Bahrain belegt im Demokratieindex einen der hinteren Plätze. Dem Inselstaat werden Misshandlung und unbegründete Verhaftungen vorgeworfen. Doch nur wenige schauen hin.

Manama - Die Fußballweltmeisterschaft in Katar rückt die Golfregion ins Scheinwerferlicht. Unter anderem Menschenrechtsverletzungen in den Wüstenemiraten geraten in den Fokus. Im Falle Katars gibt es Aufrufe zum WM-Boykott, in Saudi-Arabien werden öffentliche Hinrichtungen angeprangert. Etwas in Vergessenheit gerät dabei ein kleines Land, das vor der Küste Katars liegt: Bahrain. Dabei lohnt es sich durchaus, genauer hinzuschauen.

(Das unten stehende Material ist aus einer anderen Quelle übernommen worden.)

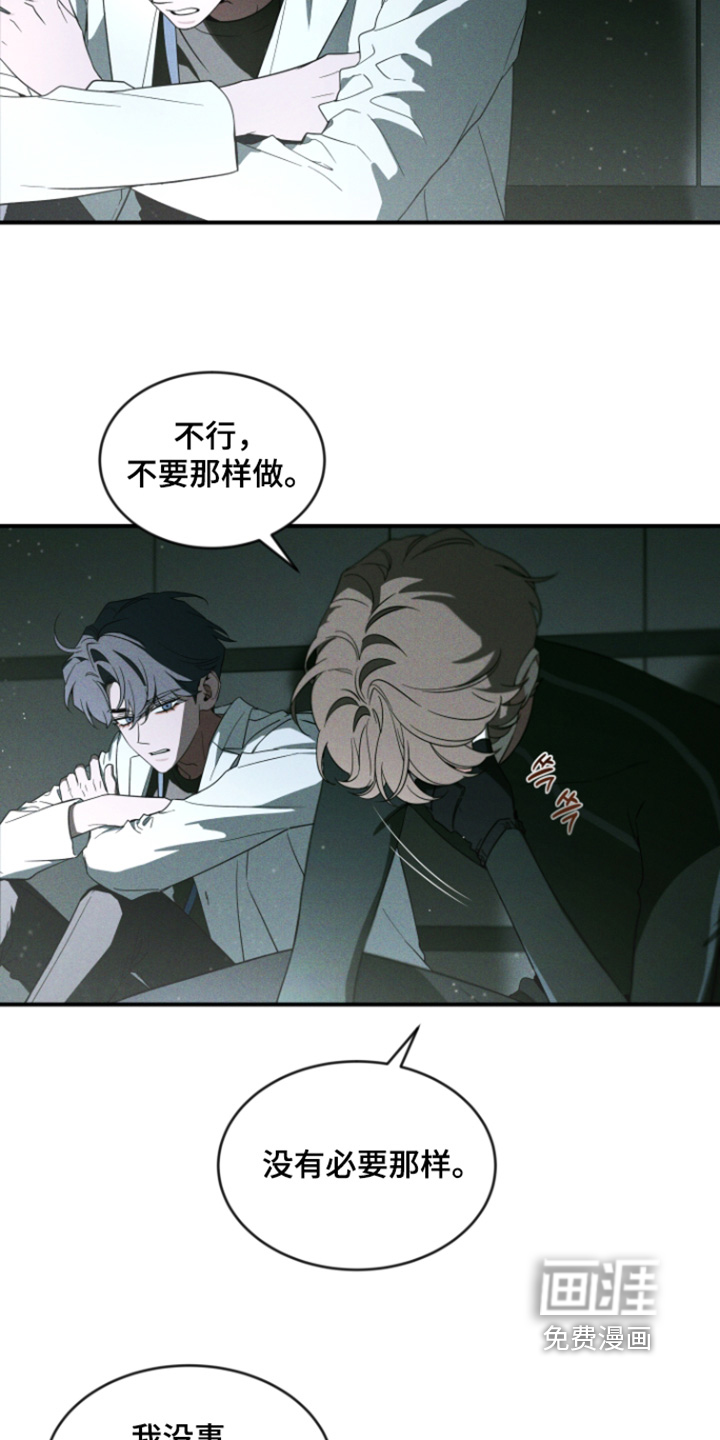 第227话3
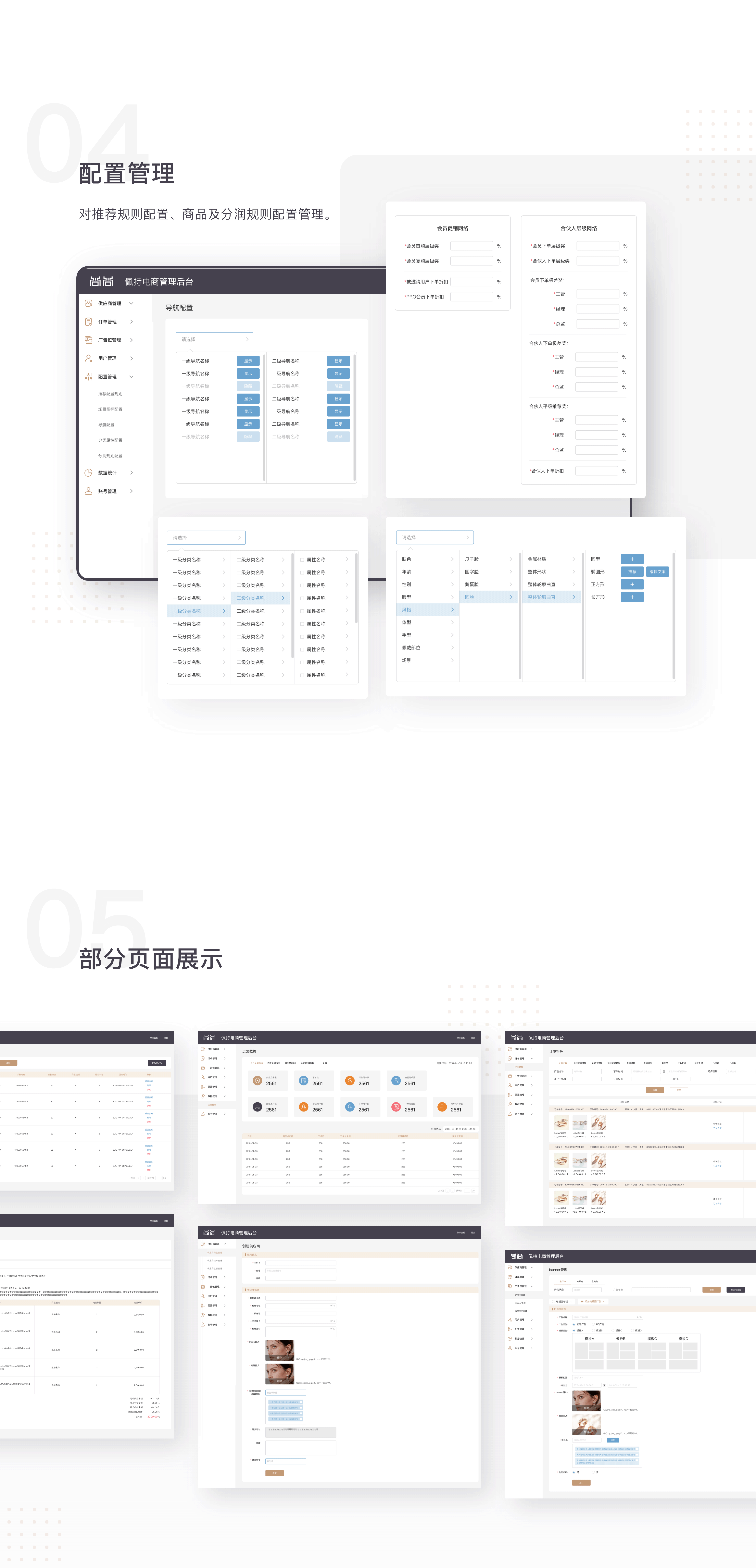 近期作品整理(2019下半年)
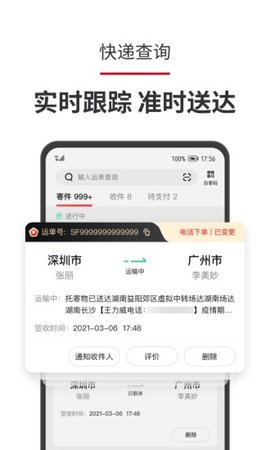 顺丰速运软件手机版APP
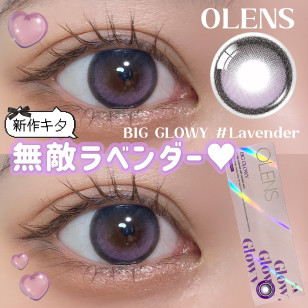 Olens 1Day Big Glowy Lavender(10P)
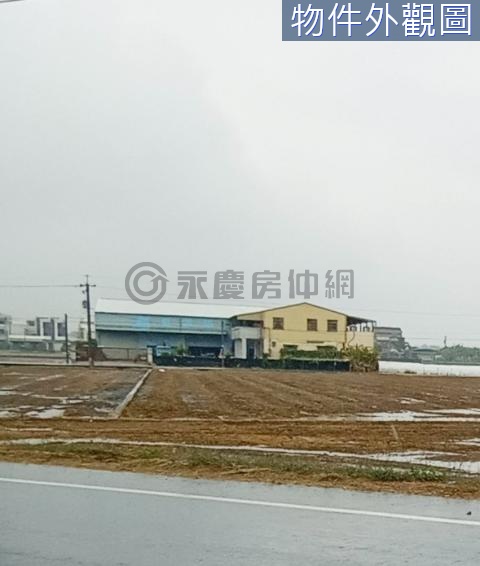 後壁大基地合法農舍+倉庫 台南市後壁區土溝
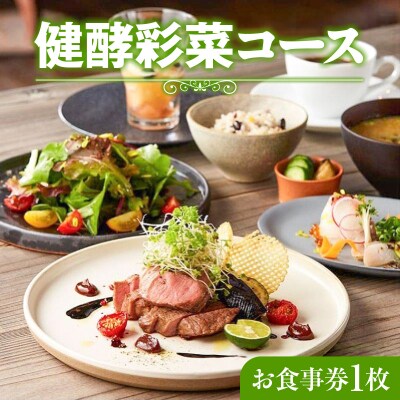 レストランFemy_「健酵彩菜コース」お食事券1枚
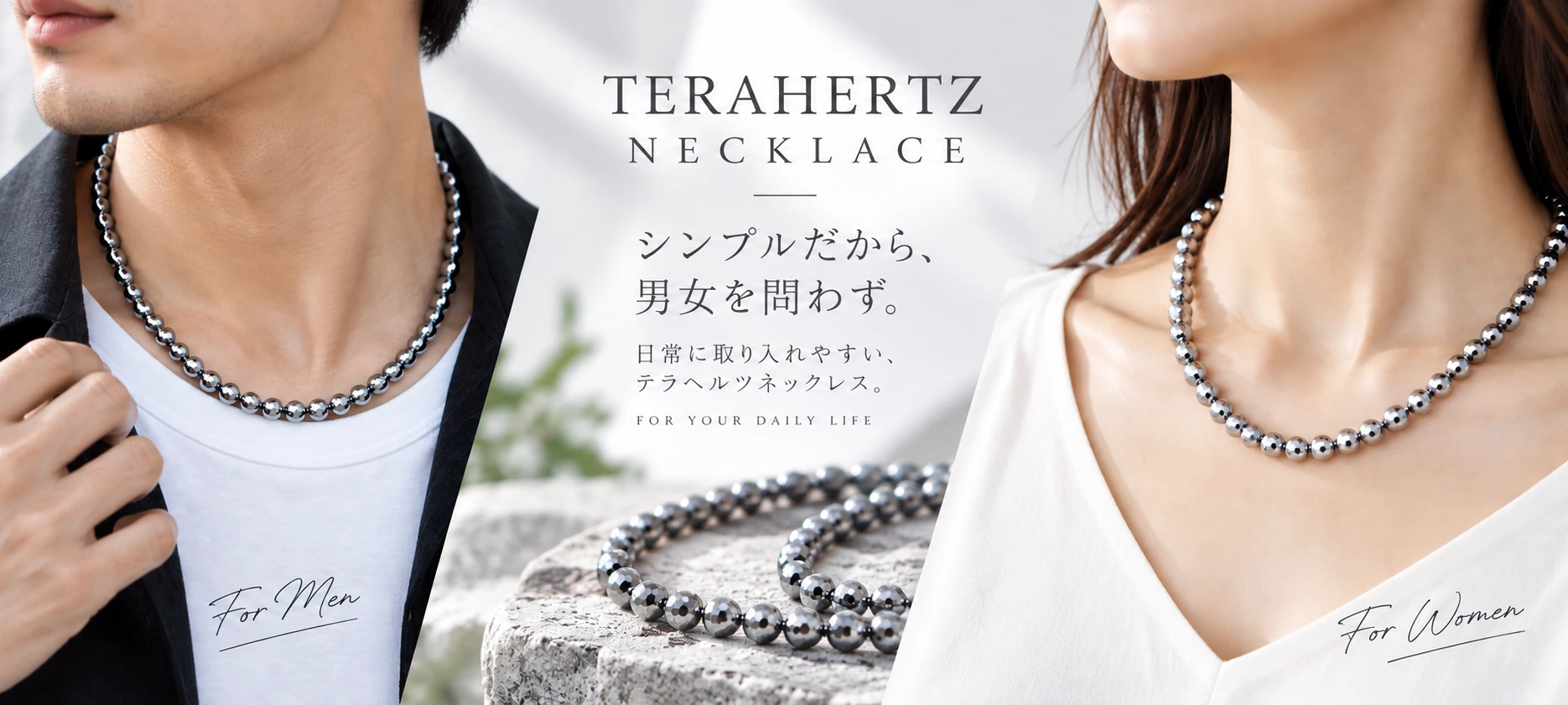 男女の着用イメージとテラヘルツネックレス
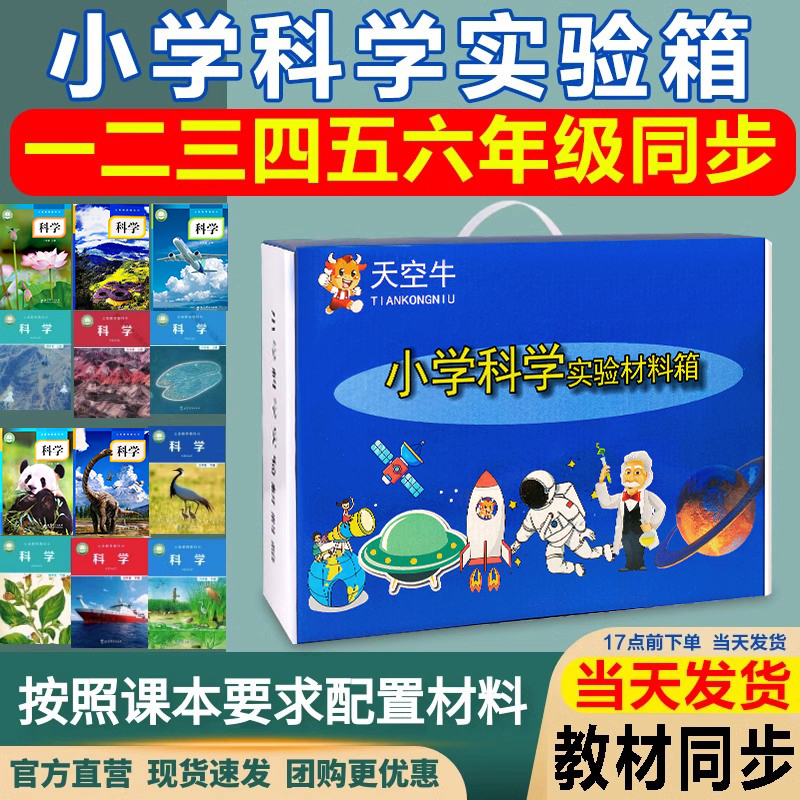 教科版小学科学实验套装一二三四五六年级上下册材料包教材同步箱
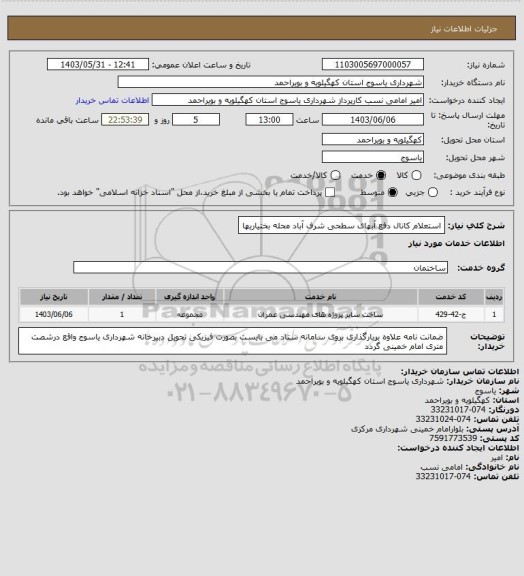 استعلام استعلام کانال دفع آبهای سطحی شرف آباد محله بختیاریها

Bahrain: Amnesty berichtet von „schweren Menschenrechtsverletzungen“

Amnesty International schreibt in seinem jährlichen Lagebericht zu Bahrain: „Die Behörden begehen schwere Menschenrechtsverletzungen, darunter Folter und andere Misshandlungen, und unterdrücken die Rechte auf freie Meinungsäußerung und Versammlungsfreiheit.“ Die Non-Profit-Organisation verweist aktuell vermehrt darauf, dass die Menschenrechtslage am Golf durchschnittlich schlechter sei als in Katar. Das treffe auch auf Bahrain zu.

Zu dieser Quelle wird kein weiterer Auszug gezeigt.